Cool, I can start trimming out parts of the email. :-)

> > I have replies to your comments below, but while reading what you said,
> > I started wondering whether Wayland would be good for you after all.
> >
> > It seems that your timing sensitive experiment programs and you and
> > your developers use a great deal of effort into
> > - detecting the hardware and drivers,
> > - determining how the display server works, so that you can
> > - try to make it do exactly what you want, and
> > - detect if it still does not do exactly like you want it and bail,
> >    while also
> > - trying to make sure you get the right timing feedback from the kernel
> >    unmangled.
> >
> 
> Yes. It's "trust buf verify". If i know that the api / protocol is well 
> defined and suitable for my purpose and have verified that at least the 
> reference compositor implements the protocol correctly then i can at 
> least hope that all other compositors are also implemented correctly, so 
> stuff should work as expected. And i can verify that at least some 
> subset of compositors really works, and try to submit bug reports or 
> patches if they don't.

I don't think we can make the Wayland protocol definition strict enough
that you could just rely on other compositors implementing it the same
way as Weston. We don't really want to restrict the implementations too
much with generic protocol interfaces. Therefore I think you will need
to test and validate not only every compositor, but possibly also their
different releases.

Adding something special and optional for compositors to implement,
with very strict implementation requirements would be possible, but
with the caveat of not everyone implementing it.

> > Sounds like the display server is a huge source of problems to you, but
> > I am not quite sure how running on top a display server benefits you.
> > Your experiment programs want to be in precise control, get accurate
> > timings, and they are always fullscreen. Your users / test subjects
> > never switch away from the program while it's running, you don't need
> > windowing or multi-tasking, AFAIU, nor any of the application
> > interoperability features that are the primary features of a display
> > server.
> >
> 
> They are fullscreen and timing sensitive in probably 95% of all typical 
> application cases during actual "production use" while experiments are 
> run. But some applications need the toolkit to present in regular 
> windows and GUI thingys, a few even need compositing to combine my 
> windows with windows of other apps. Some setups run multi-display, where 
> some displays are used for fullscreen stimulus presentation to the 
> tested person, but another display may be used for control/feedback or 
> during debugging by the experimenter, in which case the regular desktop 
> GUI and UI of the scripting environment is needed on that display. One 
> popular case during debugging is having a half-transparent fullscreen 
> window for stimulus presentation, but behind that window the whole 
> regular GUI with the code editor and debugger in the background, so one 
> can set breakpoints etc. - The window is made transparent for mouse and 
> keyboard input, so users can interact with the editor.
> 
> So in most cases i need a display server running, because i sometimes 
> need compositing and i often need a fully functional GUI during at the 
> at least 50% of the work time where users are debugging and testing 
> their code and also don't want to be separated from their e-mail clients 
> and web browsers etc. during that time.
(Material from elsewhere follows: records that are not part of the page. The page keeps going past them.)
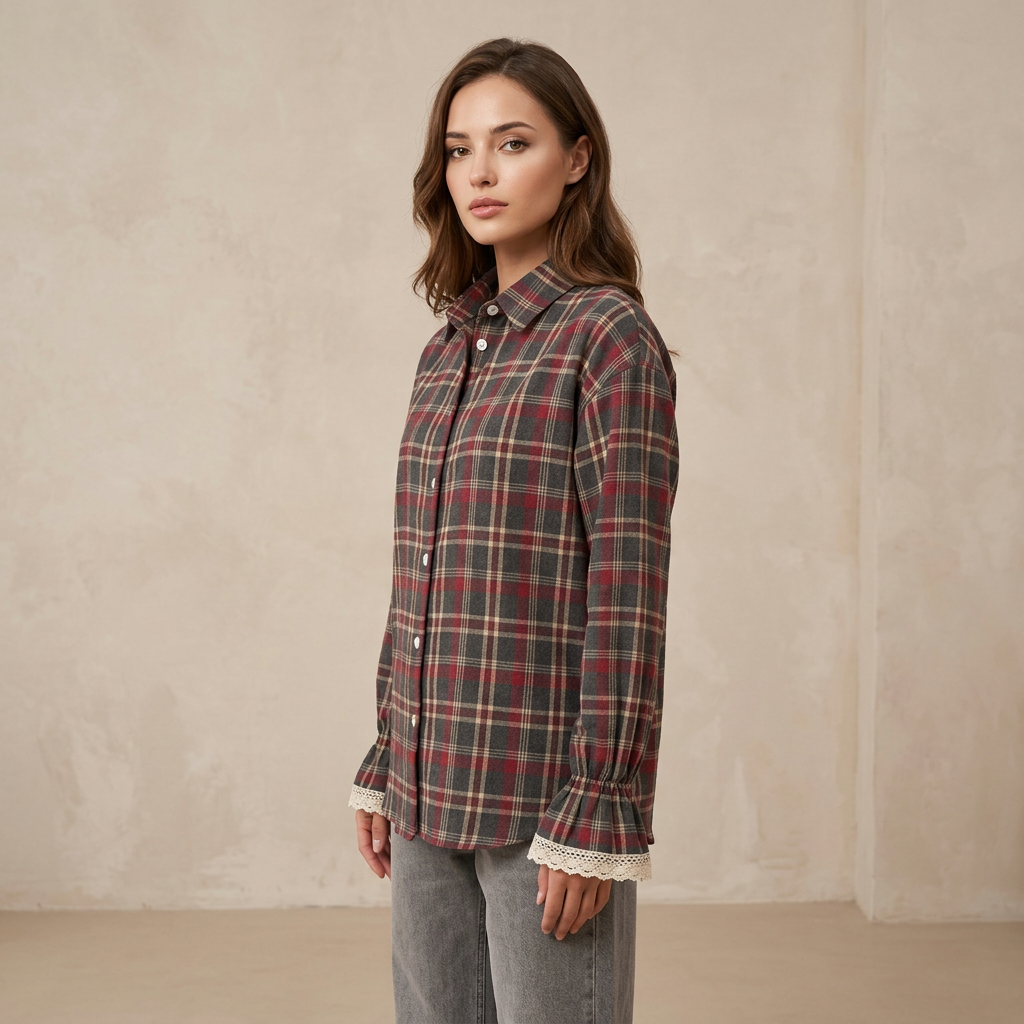 Women’s Plaid Lace Cuff Loose-Fit Long Sleeve Shirt-Vyana Collective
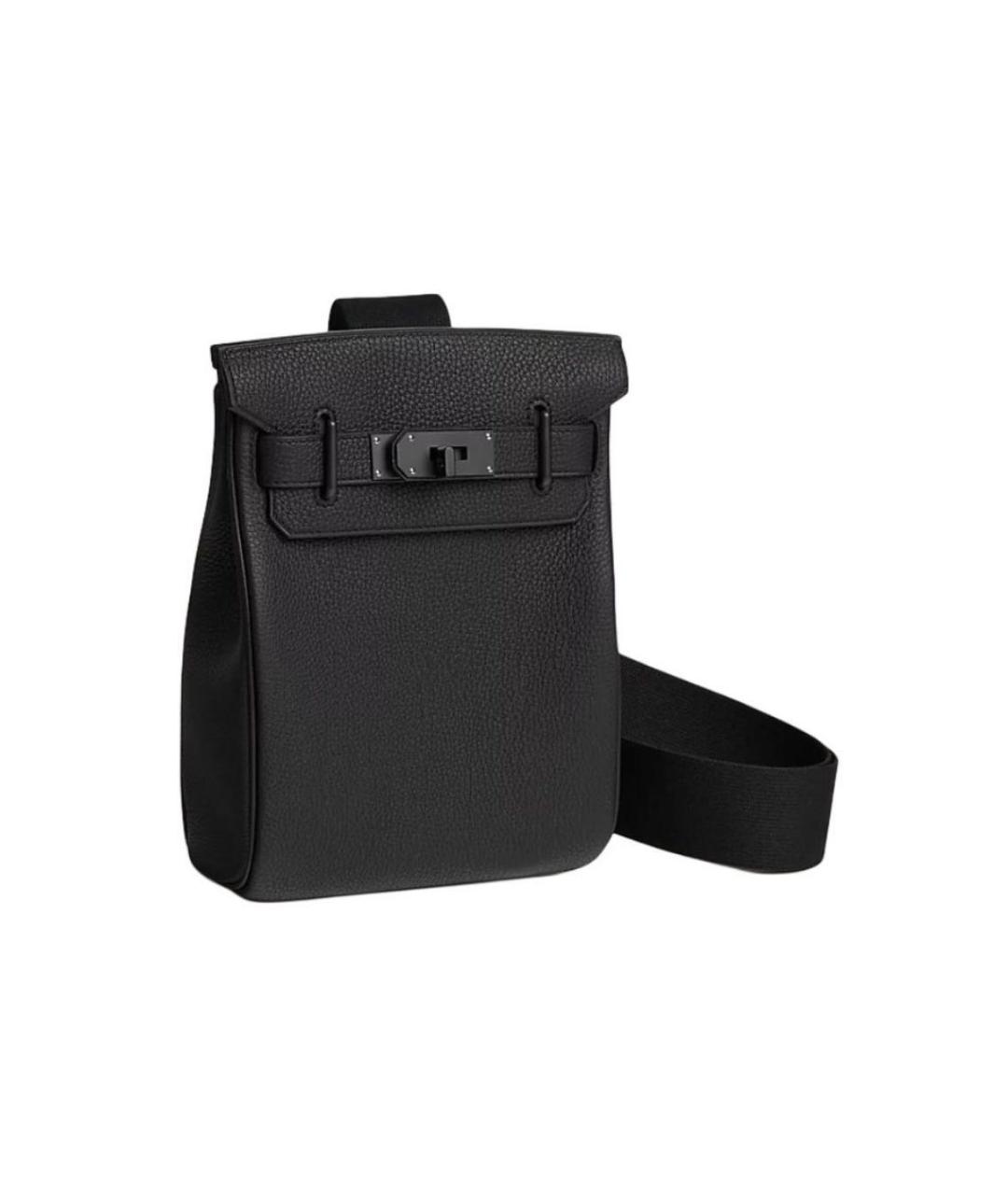 HERMES Черная кожаная сумка на плечо, фото 2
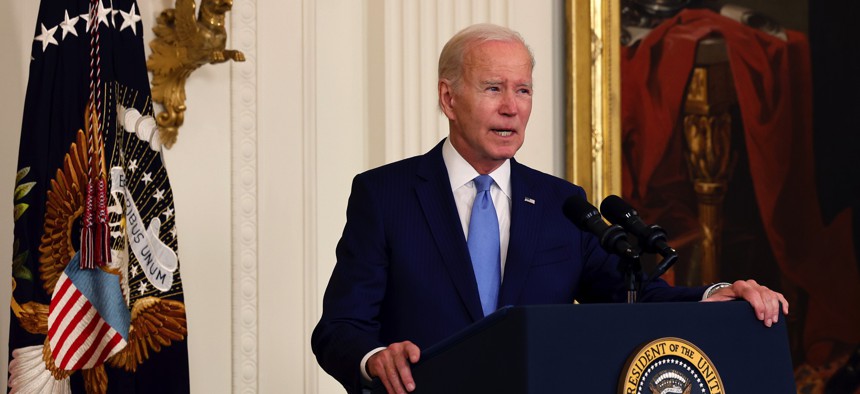 U.S. President Joe Biden delivers remarks during the Public Safety Officer Medal of Valor awards ceremony in the East Room of the White House on May 17, 2023. in Washington, D.C. 
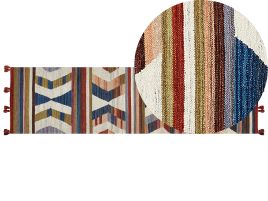 Wool Kilim Runner Rug 80x300cm Multicolour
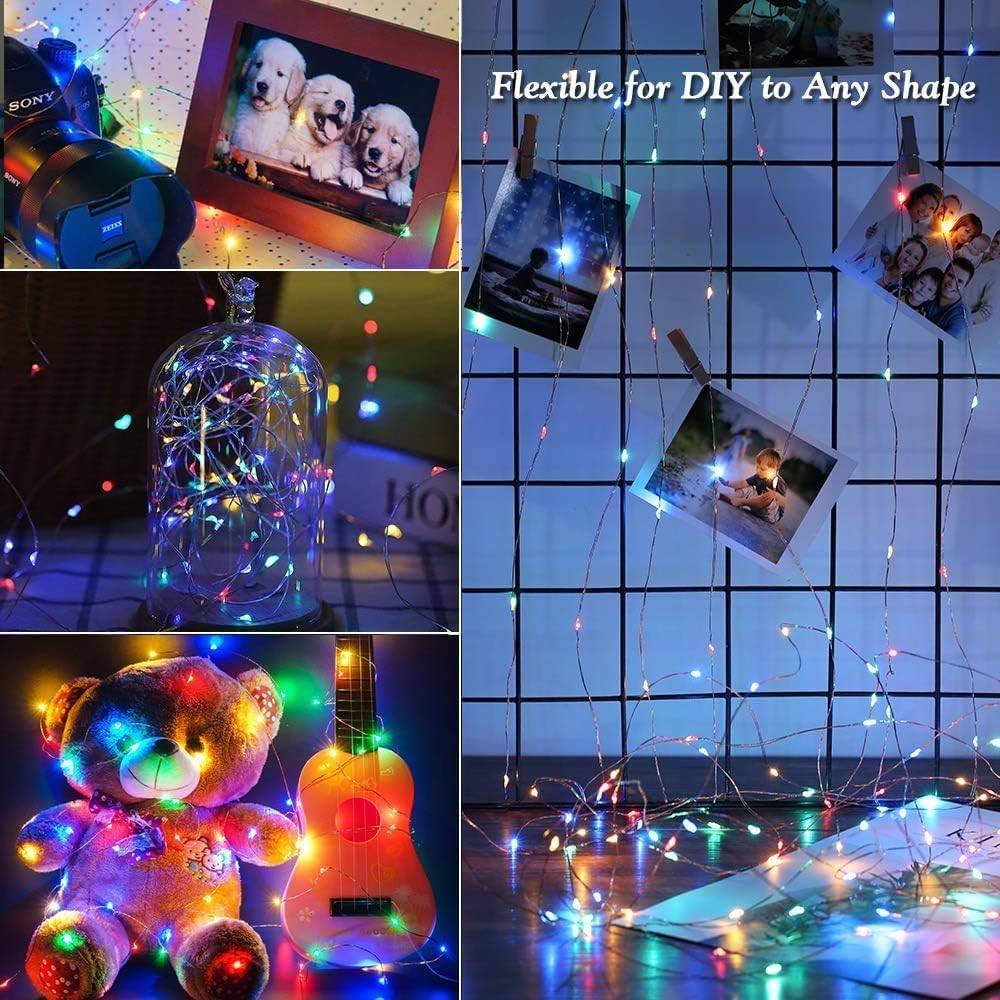 Detalle de Joomer Solar String Lights Outdoor (2 Pack, 80FT total, 240 LEDs) – Waterproof garden fairy lights with 8 modes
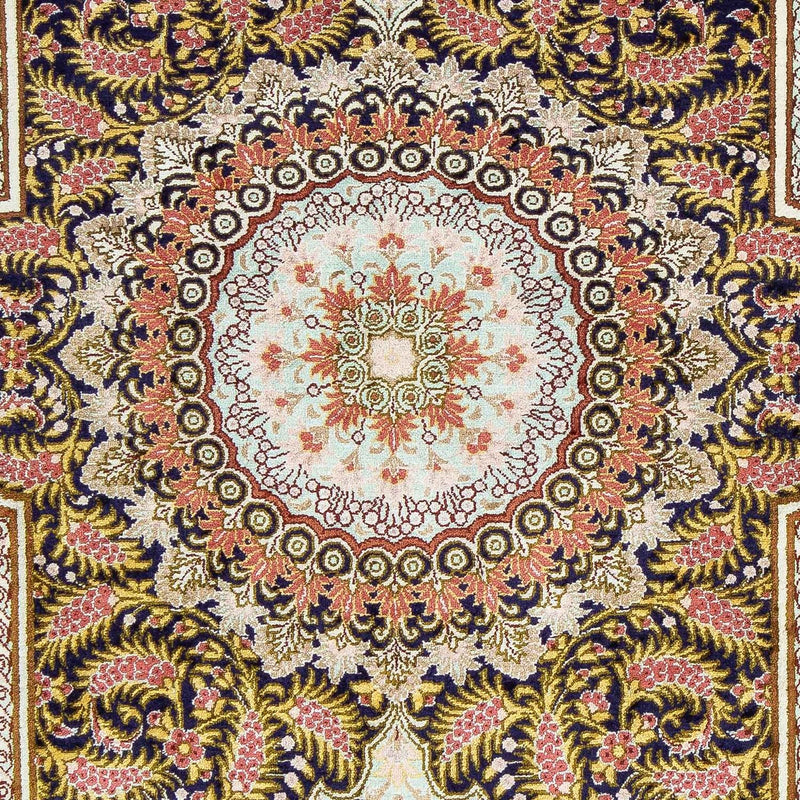 Tapete persa - Ghom - 93 x 59 cm - azul escuro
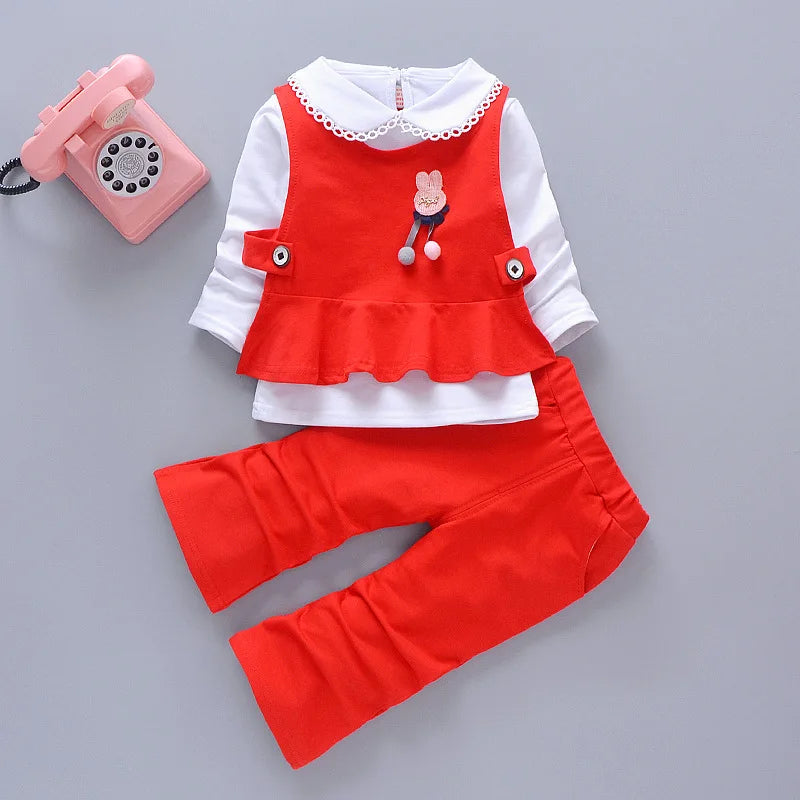 Girls' Stylish Autumn Outfit Three Piece Set 2024 New Item Baby Girl Clothes Sets for Baby Boy Clothing Mother Kids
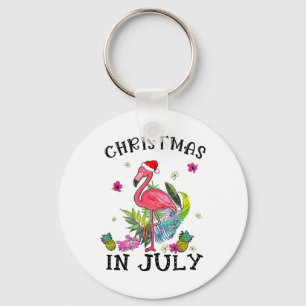 Tropical Pink Flamingo Christmas In July Summer  Key Ring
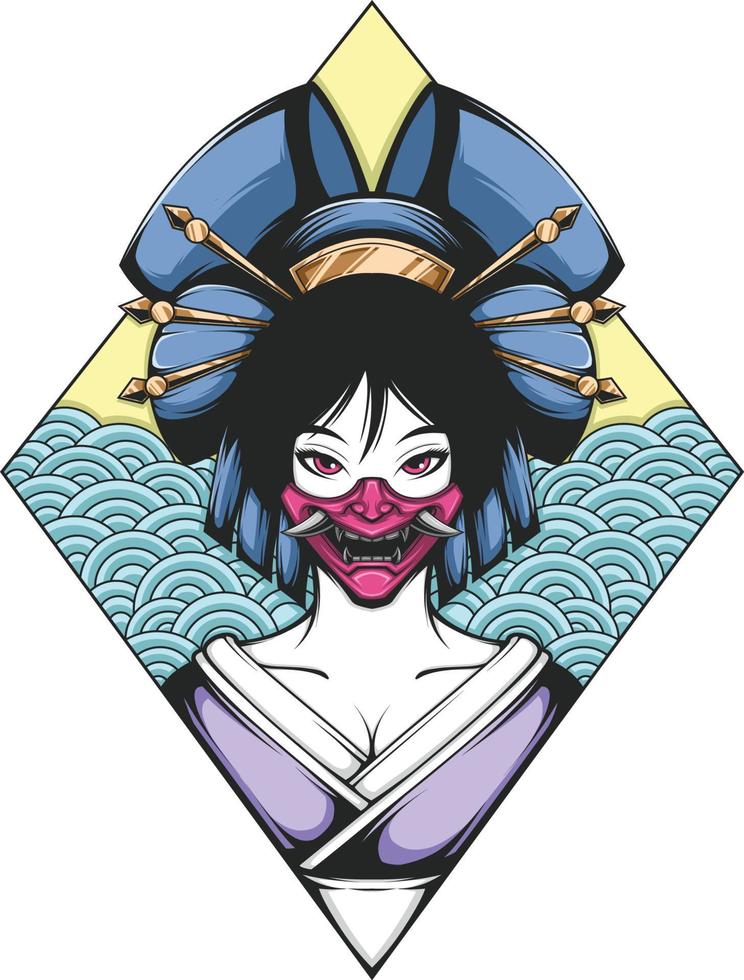 Geeisha Girl Oni Mask Vector Illustration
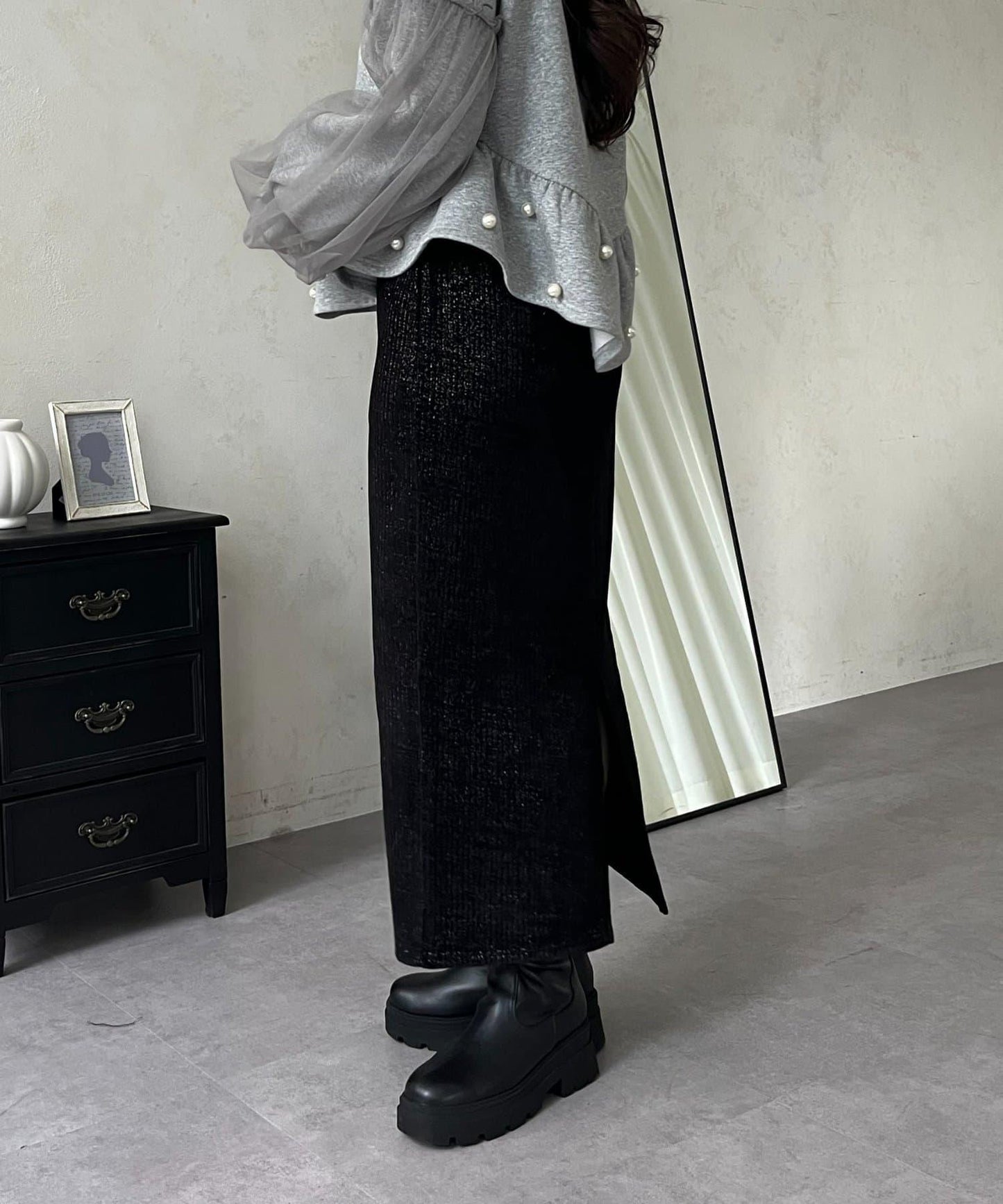 亮片燈芯絨長裙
You could have your desktop session on a different VT than the
experiment program, and switch between. Or have multiple outputs, some
dedicated for the experiment, others for the desktop. The same for
input devices.

Or if your infrastructure allows, have X11, Wayland, and direct DRM/KMS
backends choosable at runtime.

But yes, it starts getting complicated.

> > Why not take the display server completely out of the equation?
> >
> > I understand that some years ago, it would probably not have been
> > feasible and X11 was the de facto interface to do any graphics.
> >
> > However, it seems you are already married to DRM/KMS so that you get
> > accurate timing feedback, so why not port your experiment programs
> > (the framework) directly on top of DRM/KMS instead of Wayland?
> >
> 
> Yes and no. DRM/KMS will be the most often used one and is the best bet 
> if i need timing control and it's the one i'm most familiar with. I also 
> want to keep the option of running on other backends if timing is not of 
> much importance, or if it can be improved on them, should the need arise.
> 
> > With Mesa EGL and GBM, you can still use hardware accelerated openGL if
> > you want to, but you will also be in explicit control of when you
> > push that rendered buffer into KMS for display. Software rendering by
> > direct pixel poking is also possible and at the end you just push that
> > buffer to KMS as usual too. You do not need any graphics card specific
> > code, it is all abstracted in the public APIs offered by Mesa and
> > libdrm, e.g. GBM. The new libinput should make hooking into input
> > devices much less painful, etc. All this thanks to Wayland, because on
> > Wayland, there is no single "the server" like the X.org X server is.
> > There will be lots of servers and each one needs the same
> > infrastructure you would need to run without a display server.
> >
> > No display server obfuscating your view to the hardware, no
> > compositing manager fiddling with your presentation, and most likely no
> > random programs hogging the GPU at random times. Would the trade-off
> > not be worth it?
> >
> 
> I thought about EGL/GBM etc. as a last resort for especially demanding 
> cases, timing-wise. But given that the good old X-Server was good enough 
> for almost everything so far, i'd expect Wayland to perform as good as 
> or better timing-wise. If that turns out to be true, it would be good 
> enough for hopefully almost all use cases, with all the benefits of 
> compositing and GUI support when needed, and not having to reimplement 
> my own display server. E.g., i'm also using GStreamer as media backend 
> (still 0.10 though) and while there is Wayland integration, i doubt 
> there will be Psychtoolbox integration. Or things like Optimus-style 
> hybrid graphics laptops with one gpu rendering, the other gpu 
> displaying. I assume Wayland will tackle this stuff at some point, 
> whereas i'm not too keen to potentially learn and tackle all the ins and 
> outs of rendernodes or dmabuf juggling.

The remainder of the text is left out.